Pictures with short captions:
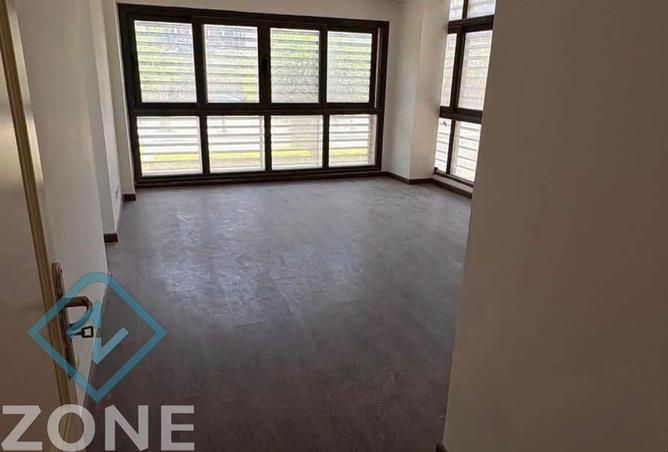 94644359 - Property Image 2
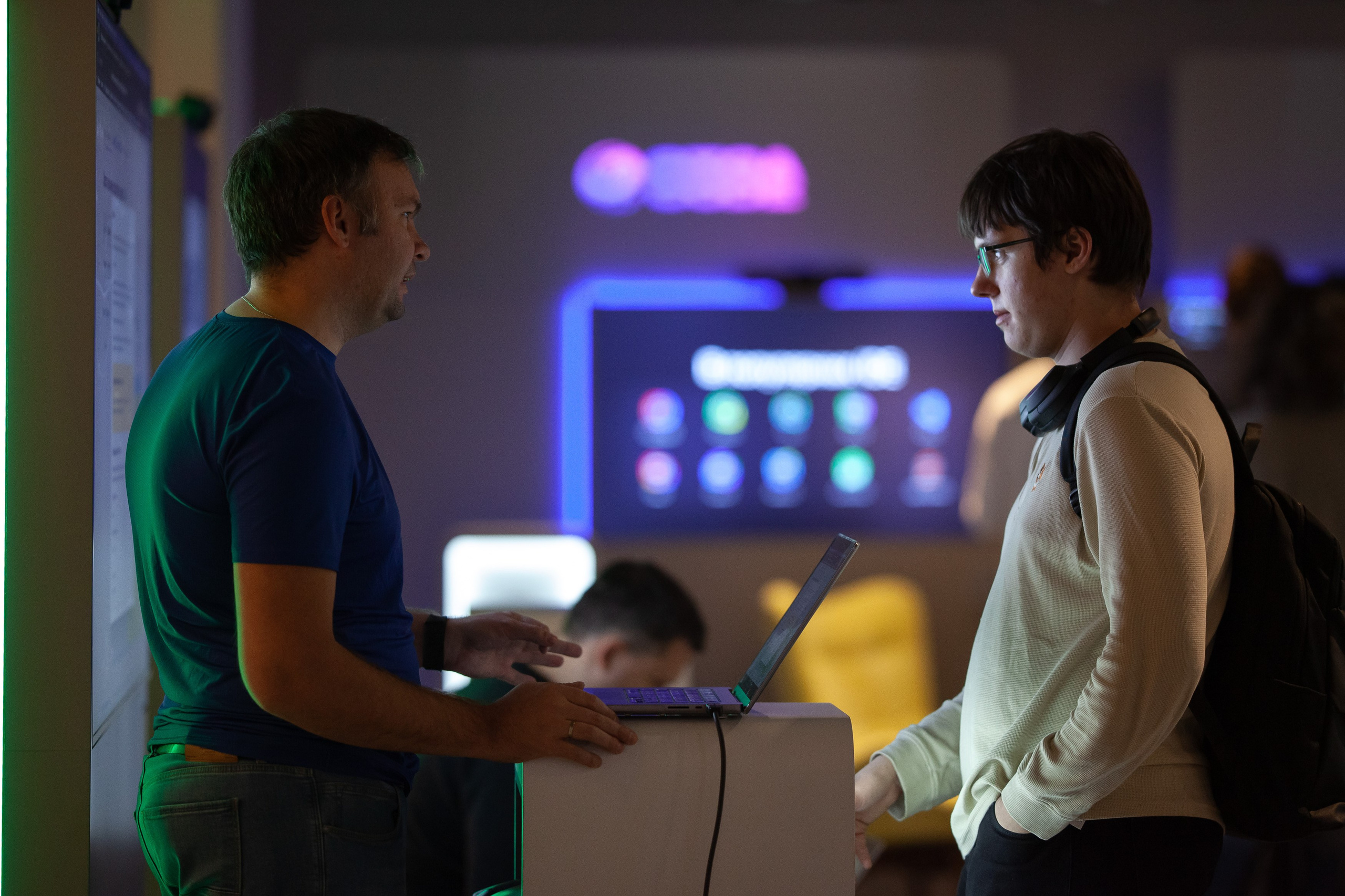 Конференции. Портретный и репортажный фотограф в Москве Денис Машков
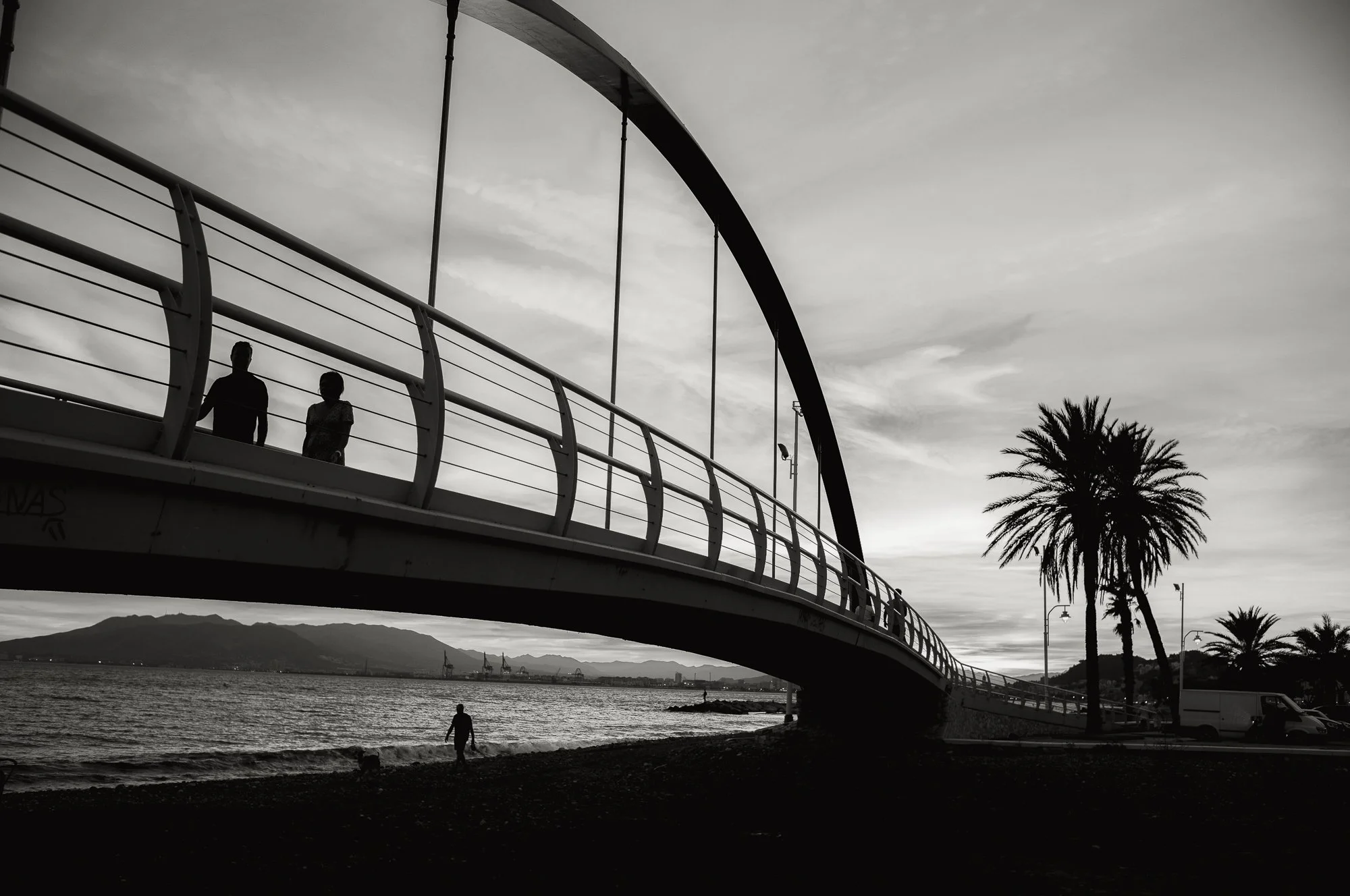 Street photographer L1006052.jpg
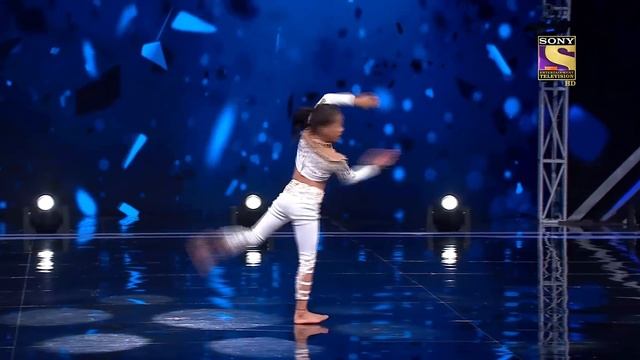Jayshree's Magical Perfromance On "Main Nachdi Phira" | Super Dancer Chapter 3 смотреть онлайн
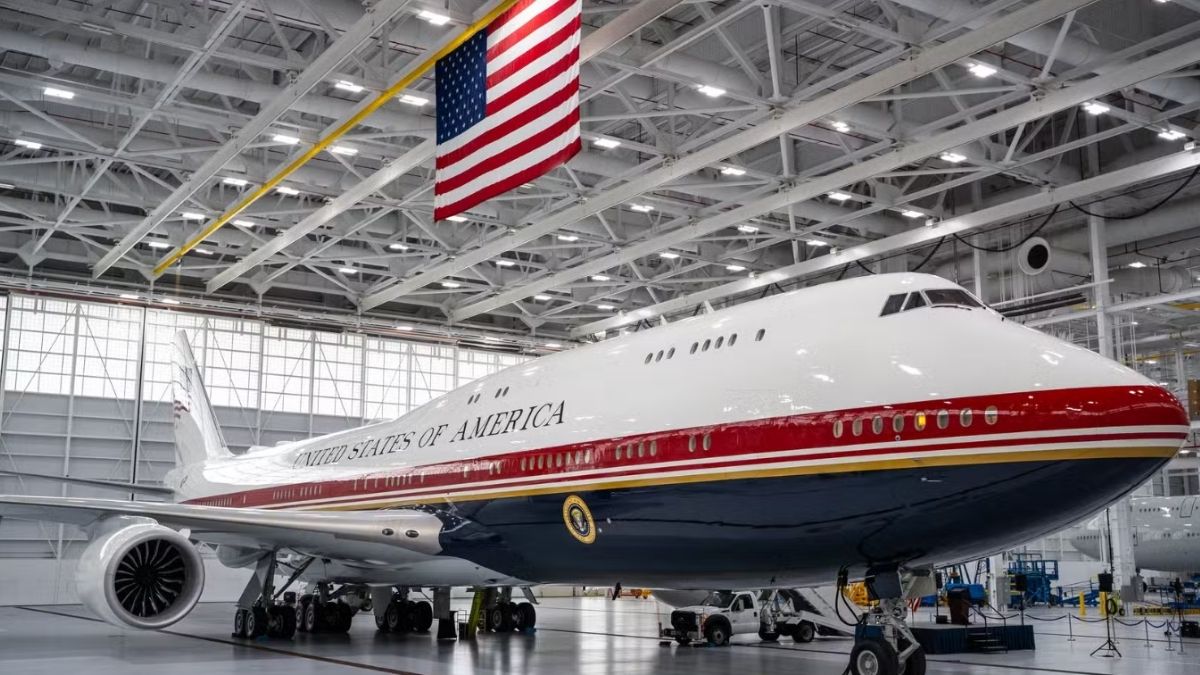 trumpin-yeni-air-force-one-ucagi-goreve-basladi-vc-25b-bridge-filoya-katildi
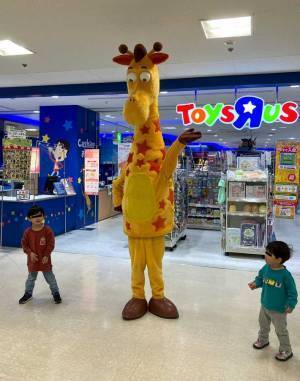 おもちゃ店の前で固まった幼い兄弟　視線の先には？　「大人が見ても怖い」「目力が…」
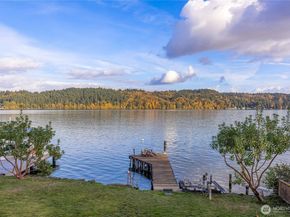 14026 Riviera Place NE, Seattle WA 98125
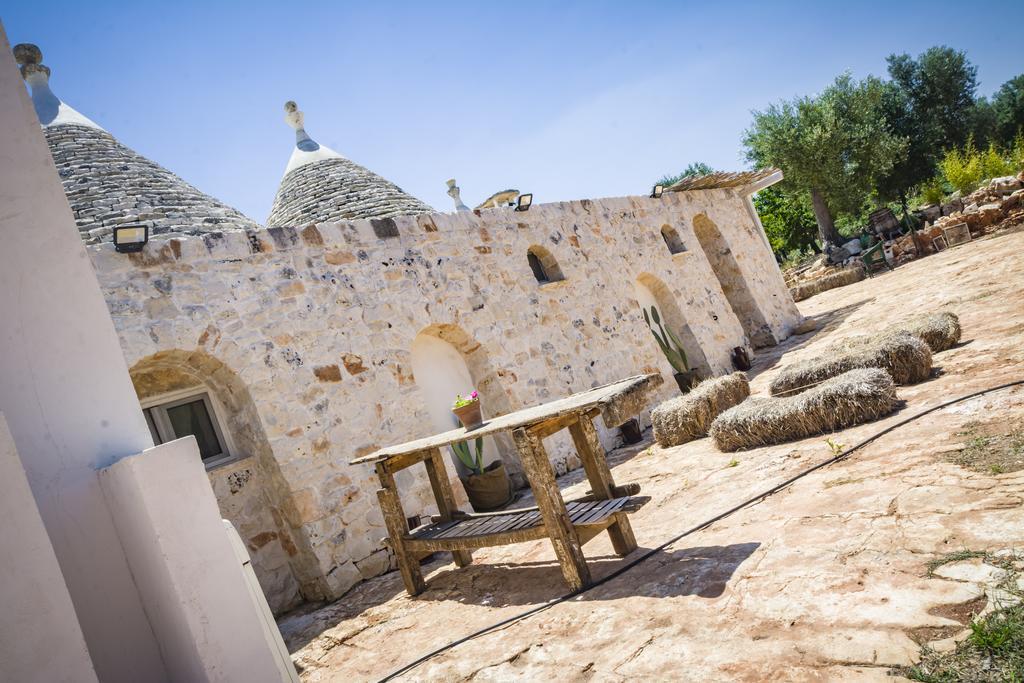 Wepuglia - Paradise Trulli Castellana Grotte Exterior photo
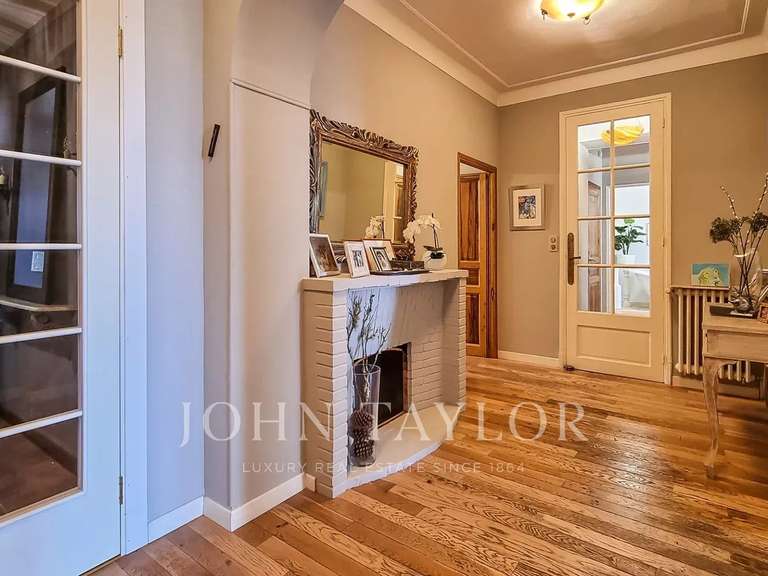 Maison Le Cannet - 9 chambres - 377m²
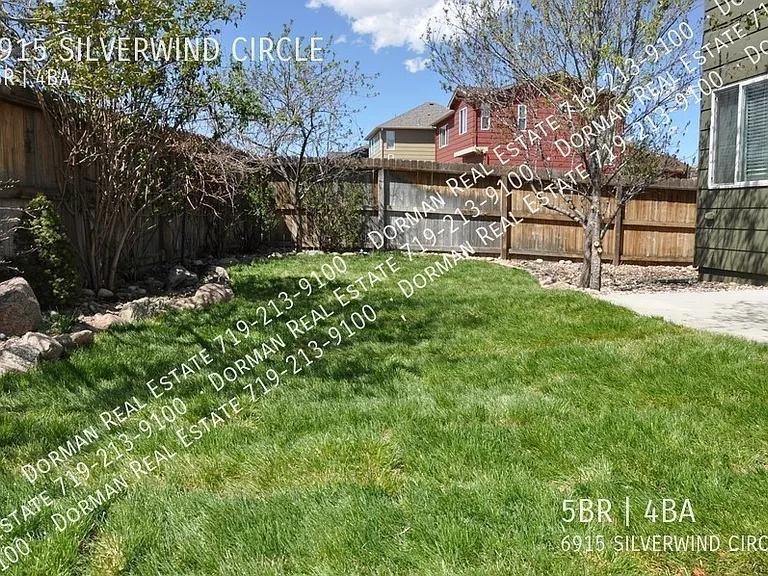 6915 Silverwind Cir — Photo 34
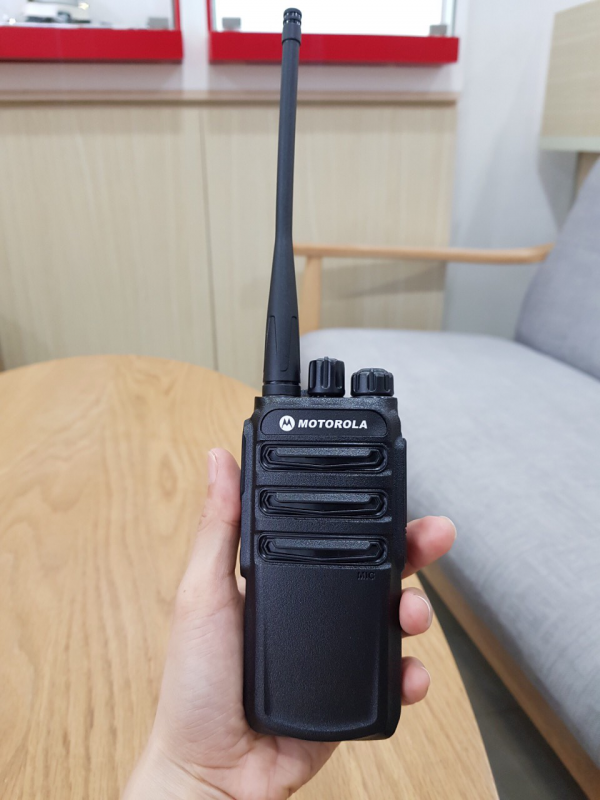 Máy bộ đàm Motorola CP 180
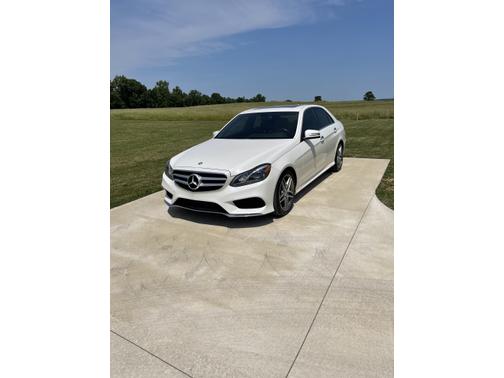 Photo 1 of 16 of 2014 Mercedes-Benz E-Class E 550 4MATIC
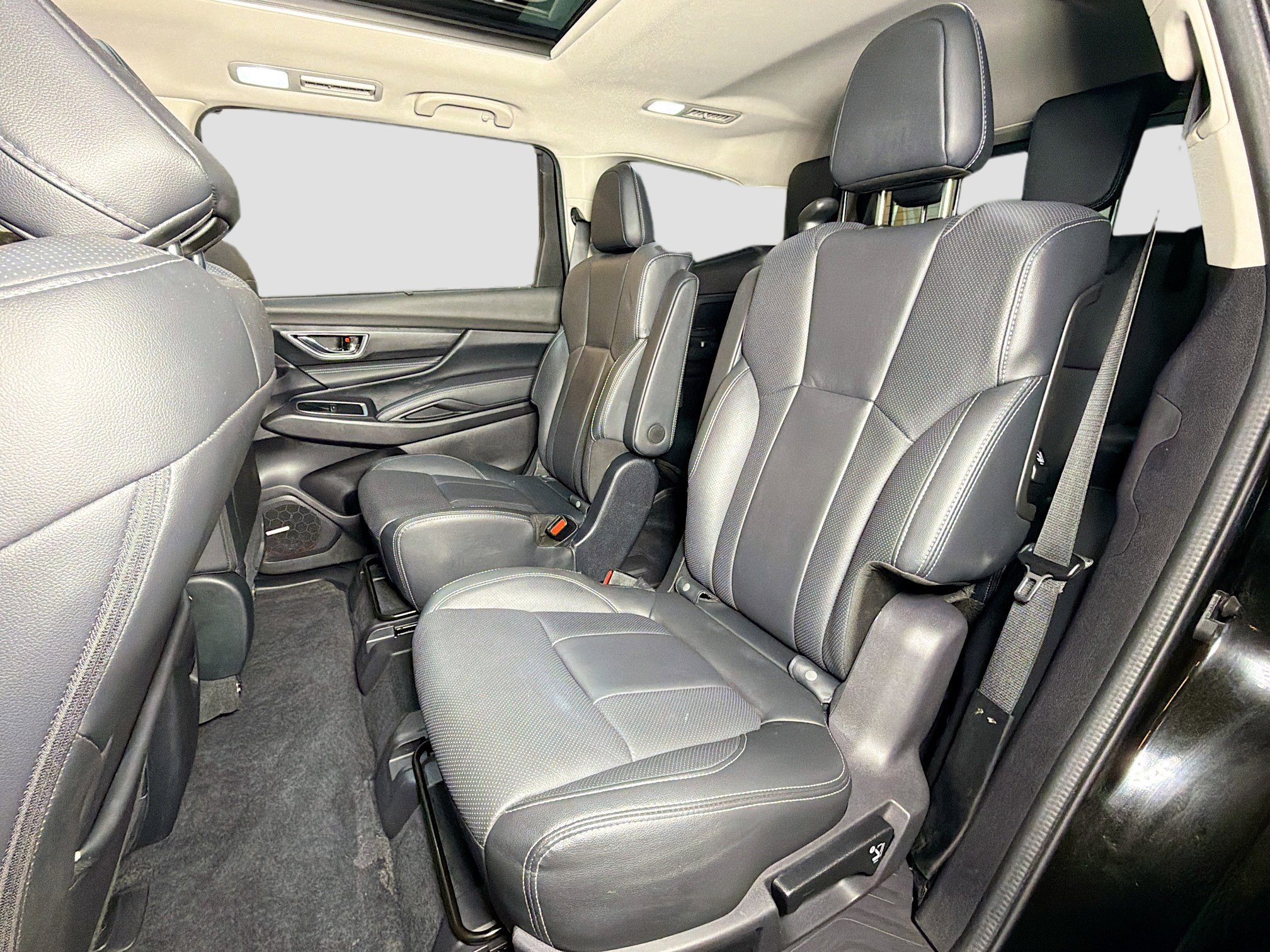 Used 2024 Subaru Ascent Limited w/ Technology Package image 28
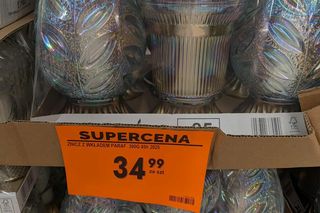 Promocje na Wszystkich Świętych w Biedronce. Wkłady do zniczy gratis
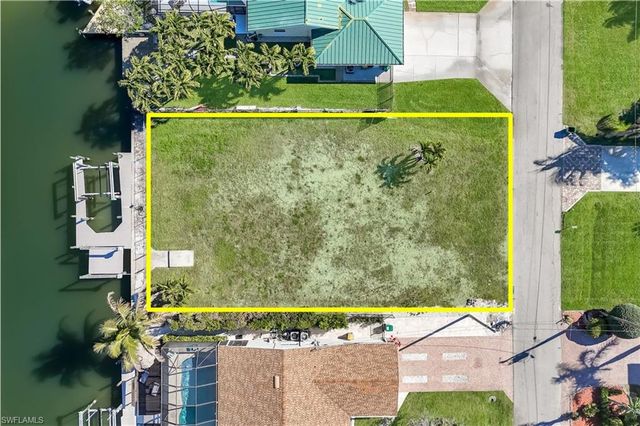 207 6th ST, Bonita Springs, FL 34134
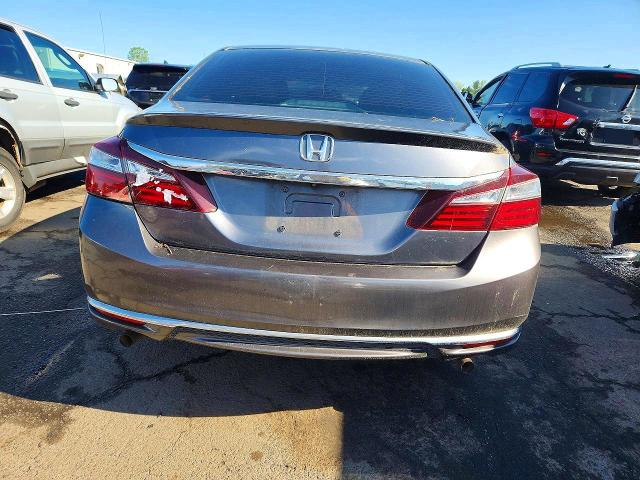 52443746 :رقم المزاد ، 1HGCR2F5XHA070694 vin ، 2017 Honda Accord مزاد بيع
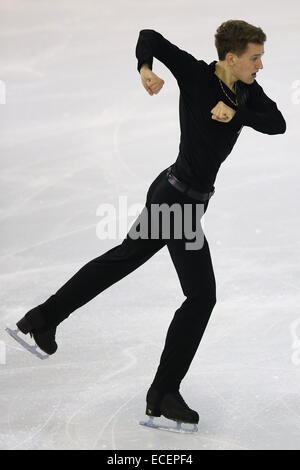 Barcellona, Spagna. 12 dic 2014. Maxim Kovtun da Rusia performance alla concorrenza degli uomini breve programma presso l'ISU Grand Prix di Pattinaggio di Figura Final & Junior Grand Prix finale di Barcellona, Spagna, il 12 dicembre, 2014. Credito: Pau Barrena/ZUMA filo/Alamy Live News Foto Stock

### REQUIREMENT
What is needed is a word-for-word copy of the lines from the one containing "Jayshree's Magical Perfromance" through the final line of the records above, both included, with the pictures left out.

### EXERCISE OUTPUT
Jayshree's Magical Perfromance On "Main Nachdi Phira" | Super Dancer Chapter 3 смотреть онлайн
 trumpin-yeni-air-force-one-ucagi-goreve-basladi-vc-25b-bridge-filoya-katildi
 おもちゃ店の前で固まった幼い兄弟　視線の先には？　「大人が見ても怖い」「目力が…」
 14026 Riviera Place NE, Seattle WA 98125
 Wepuglia - Paradise Trulli Castellana Grotte Exterior photo
 Maison Le Cannet - 9 chambres - 377m²
 6915 Silverwind Cir — Photo 34
 Máy bộ đàm Motorola CP 180
 Photo 1 of 16 of 2014 Mercedes-Benz E-Class E 550 4MATIC
 Used 2024 Subaru Ascent Limited w/ Technology Package image 28
 Promocje na Wszystkich Świętych w Biedronce. Wkłady do zniczy gratis
 207 6th ST, Bonita Springs, FL 34134
 52443746 :رقم المزاد ، 1HGCR2F5XHA070694 vin ، 2017 Honda Accord مزاد بيع
 Barcellona, Spagna. 12 dic 2014. Maxim Kovtun da Rusia performance alla concorrenza degli uomini breve programma presso l'ISU Grand Prix di Pattinaggio di Figura Final & Junior Grand Prix finale di Barcellona, Spagna, il 12 dicembre, 2014. Credito: Pau Barrena/ZUMA filo/Alamy Live News Foto Stock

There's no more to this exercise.